Machete Quesadillas: What Makes This Mexican Street Food Unique?

It's no secret some of the best dishes and flavors in the world originate from Mexico. Each region of Mexico offers its own delicious delicacies, and Mexico City is no exception. One dish believed to have been first crafted in the capital city is the machete quesadilla. Named after the well-known blade due to its idiosyncratic shape and size, the machete quesadilla turns the traditional quesadilla on its head. Sizing anywhere between 18 inches and 2 feet, this sensational street food bursts with considerably greater flavor than its traditional counterpart.

Its unusual length enables the machete quesadilla to pack more ingredients than a conventional quesadilla, yet it still resembles the familiar edition nonetheless. Like a standard quesadilla, the machete quesadilla often includes flor de calabaza (squash blossoms) and huitlacoche (corn smut). However, with the addition of ingredients such as Mexican meats, shredded cheese (like Chihuahua or Oaxaca), various vegetables, and salsas, a machete quesadilla elevates traditional flavors and delivers spice, excitement, and deliciousness with each bite.

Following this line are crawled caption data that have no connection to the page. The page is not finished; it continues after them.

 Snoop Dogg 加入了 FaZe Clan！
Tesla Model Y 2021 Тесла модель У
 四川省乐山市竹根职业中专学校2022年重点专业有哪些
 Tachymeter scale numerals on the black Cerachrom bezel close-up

Manufacturing the corn tortilla for a machete quesadilla requires a custom tortilla press, proving it may be difficult for the regular home chef to make in their kitchen. Yet this is not to say it's impossible to turn this street food into a home-cooked meal. With similarities in ingredients and cooking processes, machete and traditional quesadillas can make your mouth water anywhere and any way you enjoy them.

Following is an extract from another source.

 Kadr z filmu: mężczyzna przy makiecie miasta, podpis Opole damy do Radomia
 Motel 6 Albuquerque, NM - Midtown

Turn this street food into a home-cooked delight

If you're on the streets of Mexico, you can find a machete quesadilla with up to 16 different ingredients. While there is no strict set of ingredients for a machete quesadilla, especially one you're making at home, there is an unspoken rule on how to arrange them within the tortilla. In Mexico, chefs alternate meats and vegetables across the tortilla. This technique gives each bite a new and unexpected taste.

The preparation of a machete quesadilla resembles that of a regular quesadilla. Both include strategically placing their fillings onto the tortilla, folding the tortilla from its side, and lightly frying each side to — literally — seal in the flavors. Because of the additional stretching of the machete quesadilla tortilla, a chef has much more freedom to incorporate extra dynamic and delicious ingredients. From traditional Mexican poblanos and plantains to common ingredients like bacon and onions, there are endless ways to transform your machete quesadilla to your personal satisfaction. Some chefs use ingredients such as radishes and cabeza (head of a cow) to add texture and flavor to their machete, but any machete quesadilla could be elevated when accompanied by a tangy salsa or homemade guacamole. A typical serving feeds 2-4 people, so if you're preparing this alone, you may have leftovers for the next day or two.